ARCH hawk Andrew Sentance ended his term at the Bank of England yesterday unable to convince his colleagues to normalise interest rates.
Historically low interest rates were kept on hold at 0.5 per cent for May, the monetary policy committee (MPC) announced.
Today, coincidentally, marks 14 years since the Bank of England’s independence was announced by Gordon Brown, chancellor at the time – sparking the creation of the MPC.
Rates have been held low since March 2009 by the MPC, despite Sentance voting for a steady rise every month from June of last year.
Three members of the nine-man committee have voted for increased rates since February.
Yet the minutes of April’s meeting revealed that the other two hawks -- Spencer Dale and Martin Weale – were less convinced than Sentance on the need for tightening.
And Weale’s recent comments suggest that he may be harbouring second thoughts. “First quarter GDP is likely to be weaker than many people, including myself, would have assumed,” Weale had said.

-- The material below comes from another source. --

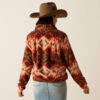 Ariat Berber Snap Front Sweatshirt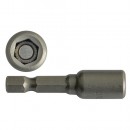 Suport pentru biți priză magnetică 06mm Strend Pro 1/4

“It’s a big deal,” commented Richard Barwell, economist at RBS. “Weale sounds like a man backing off.”
From next month Sentance will be replaced on the committee by Goldman Sachs economist Ben Broadbent.
Broadbent is expected to be hawkish, yet analysts say it is notoriously difficult to predict how new members of the committee will vote.
“Most forecasters now think that the tightening cycle will simply start later this year,” said Deloitte’s Roger Bootle yesterday, “but I am sticking with my view that interest rates will stay at one per cent or below until 2014.”